**Problem statement:** Could every line of the listing be output exactly, with the pictures skipped?

**Dataset section:**
=-=-=

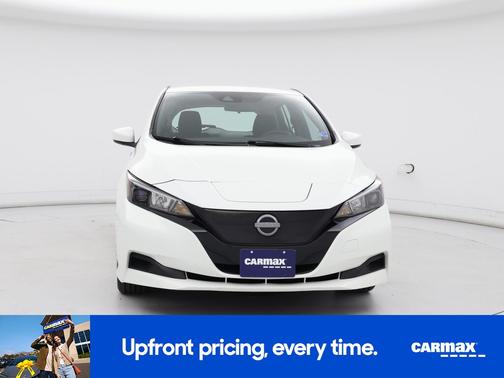 White 2023 Nissan Leaf S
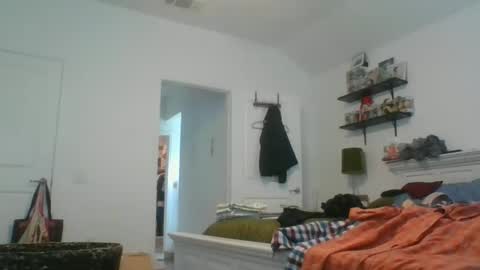 Snapshot of llzonall chatting on 12-04-24, 06:06 DC online show from 12-04-24, 06:06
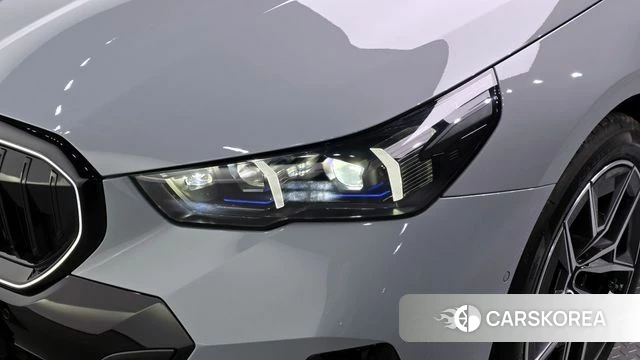 BMW 5 Series (G60) id 4380860 из Кореи 14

=-=-=

**Solution to this exercise:**
 White 2023 Nissan Leaf S
 Snapshot of llzonall chatting on 12-04-24, 06:06 DC online show from 12-04-24, 06:06
 BMW 5 Series (G60) id 4380860 из Кореи 14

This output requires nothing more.